WAR.WIRE
Probe into US intelligence likely to spill into presidential campaign
WASHINGTON (AFP) Jun 22, 2003
US lawmakers' closed-door review of US pre-war intelligence on Iraq may take "months," two senior senators said Sunday, increasing the likelihood that it will become campaign theme in next year's presidential election.

With the 2004 vote looming in their rearview mirror, two congressional committees launched hearings last week into whether US President George W. Bush hyped intelligence regarding Iraq's alleged nuclear and biological weapons program.

But the probe is not likely to be quick: Members of the Senate Intelligence Committee and their staff members are poring over "thousands and thousands of pages" of classified documents delivered to the panel by the Central Intelligence Agency, said Senator Jay Rockefeller, the top Democrat on the committee, speaking on the "Fox News Sunday" television show.

The task of reviewing the contents of those files will occupy the committee "for the next, I would assume, couple of months," said Rockefeller, a Democrat from West Virginia.

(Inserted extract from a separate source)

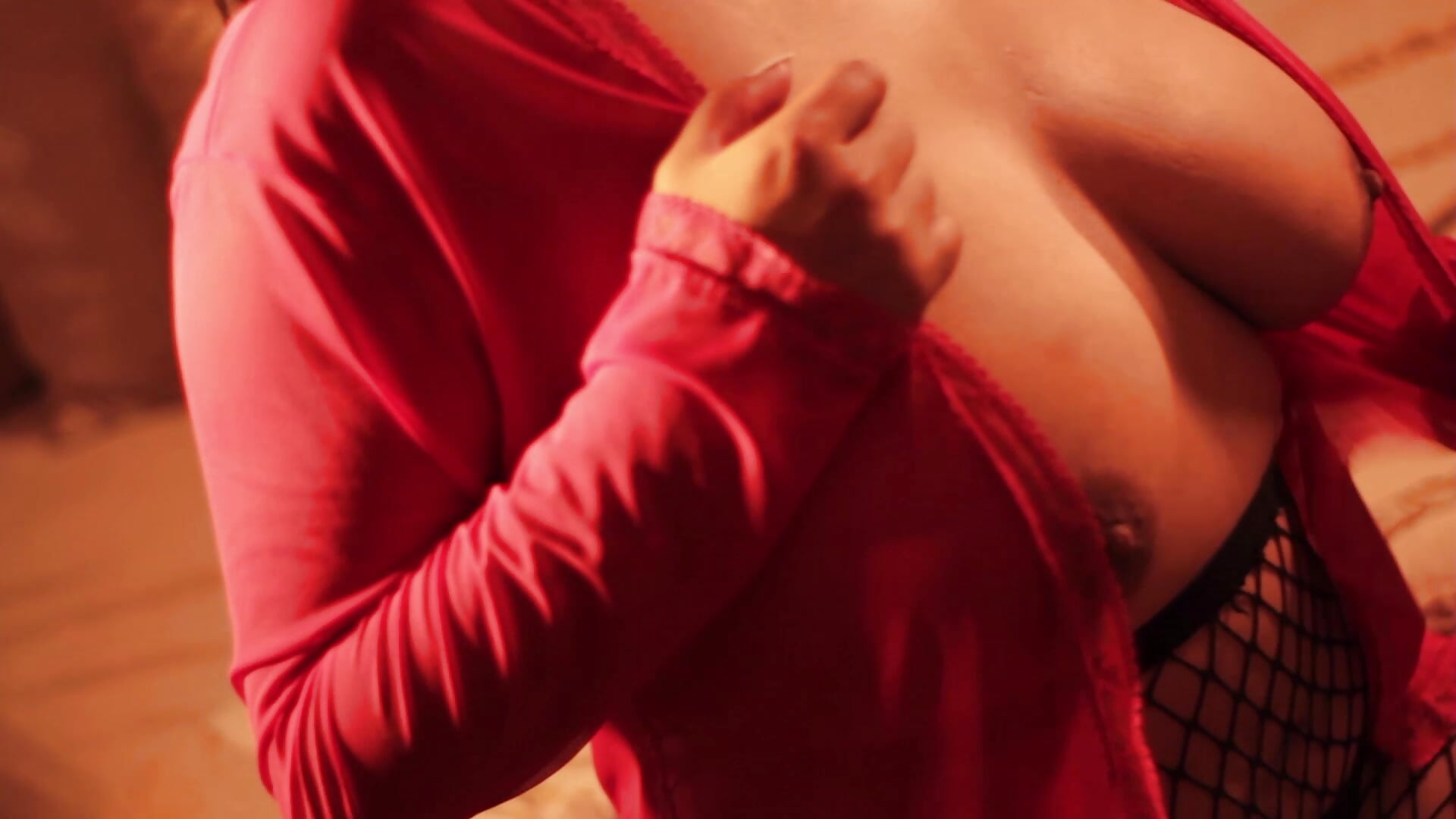 GOLDEN GIRL - video od modelky/modela Margaret_Saunders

The committee's chairman, Republican Senator Pat Roberts of Kansas, said the senators face the daunting task of reviewing "voluminous material from the ceiling to the floor."

The panel has so far held one hearing, with three more planned, into the fate of alleged Iraqi weapons of mass destruction and whether intelligence information about them had been manipulated to justify the war against the government of Saddam Hussein.

Intelligence committees in both the Senate and the House of Representatives commenced hearings last week into the brewing controversy over whether the White House hyped intelligence regarding Iraq's alleged nuclear and biological weapons program, which could prove damaging to Republicans in the 2004 election campaign.

The political sensitivity of the issue has become increasingly clear over the past several days, with leading Democratic presidential becoming more vocal in criticizing the White House over the matter.

Democratic presidential hopeful Howard Dean on Sunday accused Bush of misleading the country about Iraq's possession of unconventional weapons.

"We were misled. The question is, did the president do that on purpose or was he misled by his own intelligence people ... Or did he in fact know what the truth was and tell us something different," former Vermont governor Howard Dean told NBC's "Meet the Press" program.

"We essentially went to war ... based on facts that turned out not to be accurate. I think that's pretty serious, and I think the American people are entitled to know why that was," he said.

Dean now has also questioned Bush's credibility.

"This president told us that we were going into Iraq because they might have atomic weapons and that turned out not to be so," he said Sunday.

"The secretary of defense told us that he knew where there were weapons of mass destruction around Tikrit and around Baghdad. We've been in control of Iraq for 50 days and we haven't been able to find any such thing."

His remarks echoed comments made last week by Democratic frontrunner John Kerry.

"He misled every one of us," Kerry said last week while campaigning in New Hampshire.

"I will not let him off the hook throughout this campaign with respect to America's credibility and credibility to me because if he lied, he lied to me personally," Kerry said.